Closed jbrown-xentity closed 1 year ago
This mdTranslator translates the mdJson input into one or more established metadata standards:
reader(from): fgdc, mdJson, sbJson
writer(to): fgdc, html, iso19110, iso19115_1, iso19115_2
we need to add following modules for our source data format and dcat-us output:
reader: iso19115, arcgis
writer: dcat-us
Here is the example to add the write to translate from FGDC XML to DCAT-US(JSON) (title, description only):
require 'jbuilder'
require 'rubygems'
require_relative 'dcatusJson_dataset'
module ADIWG
module Mdtranslator
module Writers
module DcatusJson
module DcatusJson
def self.build(intObj, hResponseObj)
Jbuilder.new do |json|
json.conformsTo 'https://project-open-data.cio.gov/v1.1/schema'
json.type 'dcat:Catalog'
json.dataset Dataset.build(intObj[:metadata])
end
end # build
end # DcatusJson
end
end
end
end
dcatusJson_dataset.rb:
require 'jbuilder'
require_relative 'dcatusJson_resourceInfo'
module ADIWG
module Mdtranslator
module Writers
module DcatusJson
module Dataset
@Namespace = ADIWG::Mdtranslator::Writers::DcatusJson
def self.build(hMetadata)
resourceInfo = hMetadata[:resourceInfo]
hCitation = resourceInfo[:citation]
Jbuilder.new do |json|
json.title hCitation[:title]
json.description resourceInfo[:abstract]
end
end # build
end # Dataset
end
end
end
end
Below is a sample Python code which could be used to translate FGDC XML files into DCAT-US(JSON) format.
import xmltodict
import json
with open('input.xml') as xml_file:
data = xml_file.read()
fgdc_dict = xmltodict.parse(data)
dcat_us_dict = {
'conformsTo': 'https://project-open-data.cio.gov/v1.1/schema',
'@type': 'dcat:Catalog',
'dataset': {
'title': fgdc_dict['metadata']['idinfo']['citation']['citeinfo']['title'],
'description': fgdc_dict['metadata']['idinfo']['descript']['abstract'],
}
}
with open('dcatus_output.json', 'w') as json_file:
json.dump(dcat_us_dict, json_file, indent=4)
This tool includes several features that are not necessary for our specific translation needs. Our goal is to extract the relevant information from input files and generate a DCAT-US format.
And this is only one step in the overall ETL process. It is important to consider additional steps such as validation and remote file handling etc, so implementing a complete process that covers all necessary parts will increase efficiency and make maintenance easier.

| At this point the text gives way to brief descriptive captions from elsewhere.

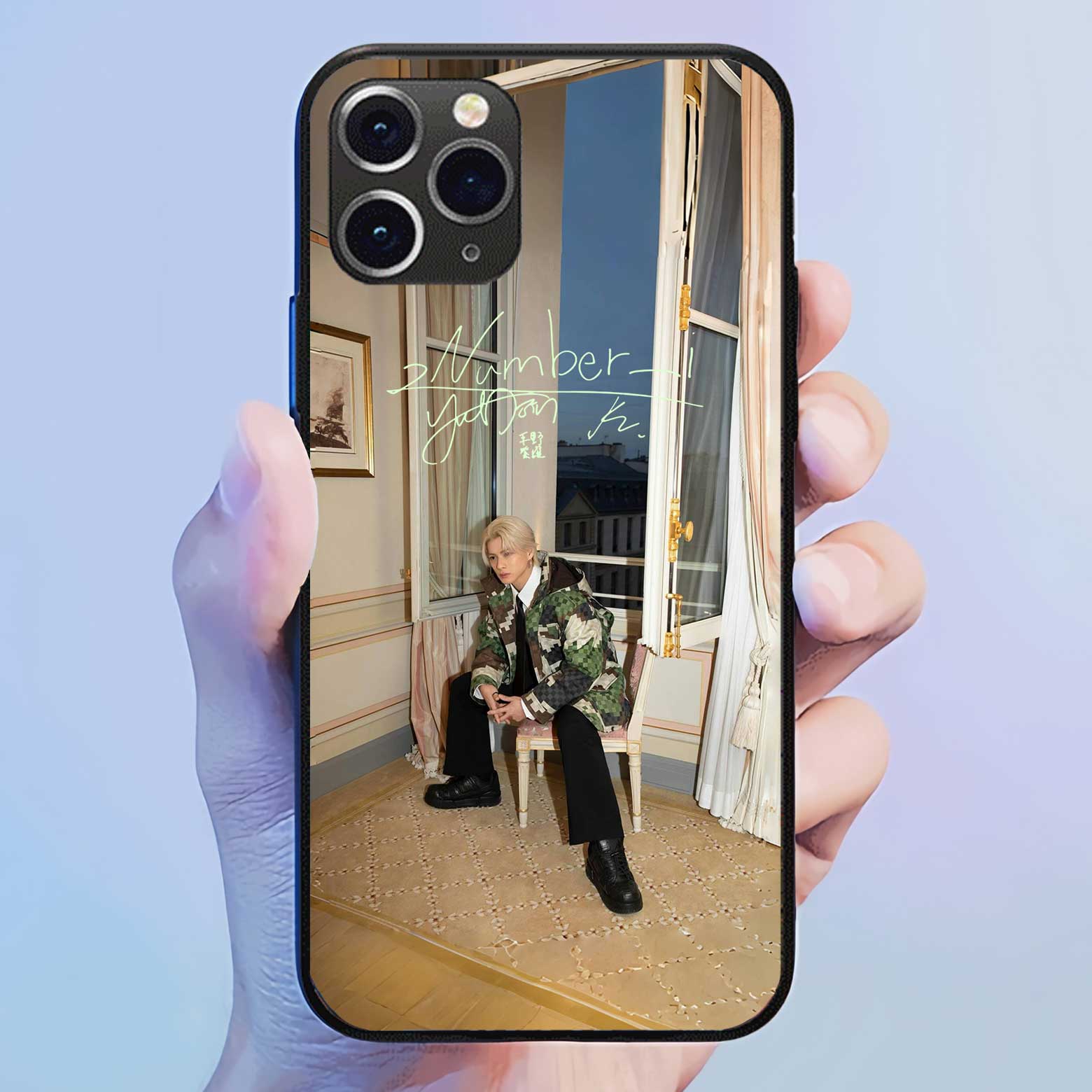 発光するスマートフォンケース 【平野紫耀】3種類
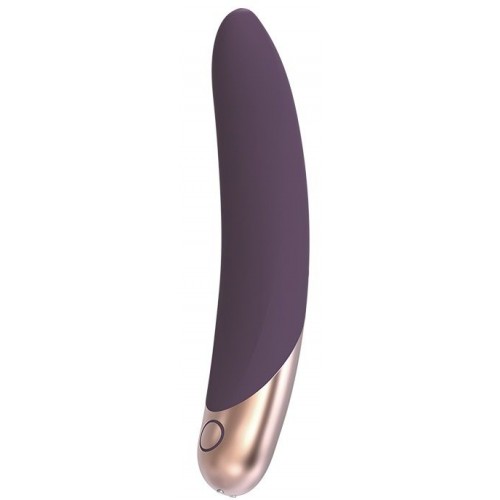 Купить Фиолетовый вибромассажер ASTERIA - 21 см. код товара: 21667/Арт.201513. Онлайн секс-шоп в СПб - EroticOasis 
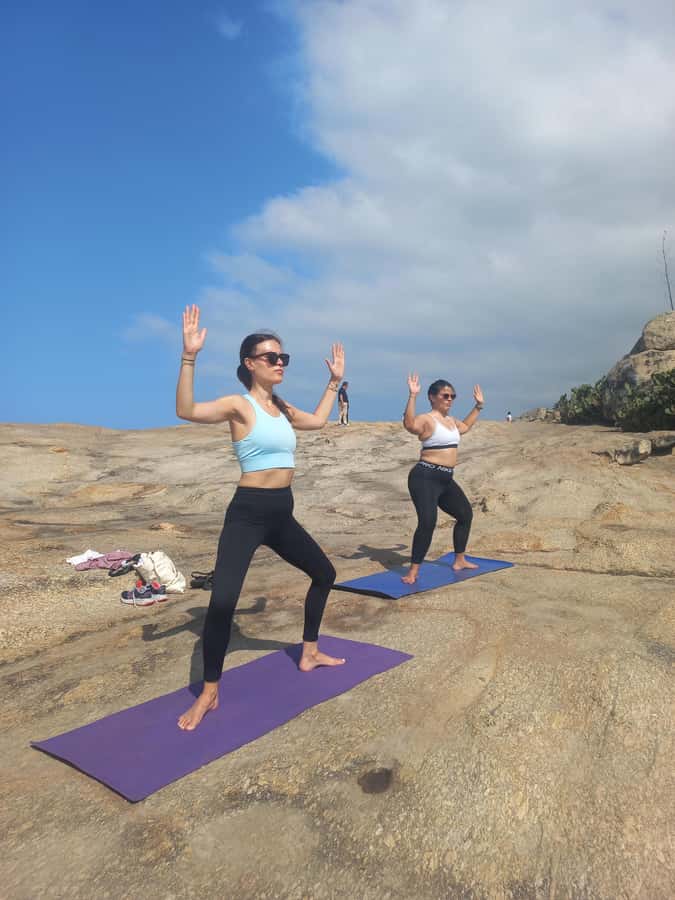 Yoga + Sound Healing - Ipanema Park - Private Group Energy, Plus the Ocean View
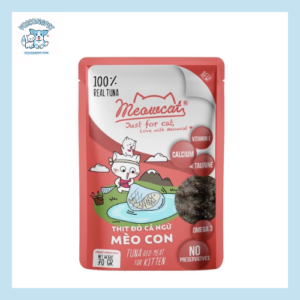 Pate MEOWCAT gói 70g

By following the example from cf-hello-worlds, deployed a simple ruby app to cloud.gov sandbox.
Created GSA fork to save the testing code: https://github.com/GSA/mdTranslator Also pushed a ruby app in cloud.gov sandbox : https://metadata-translator-test-unexpected-squirrel-lo.app.cloud.gov/
Looks great, thanks @Jin-Sun-tts !!
Purpose
We want to see if mdTranslator is a useful tool to build off of.
Given above uncertainty, conducting testing is needed to provide factual knowledge on future steps.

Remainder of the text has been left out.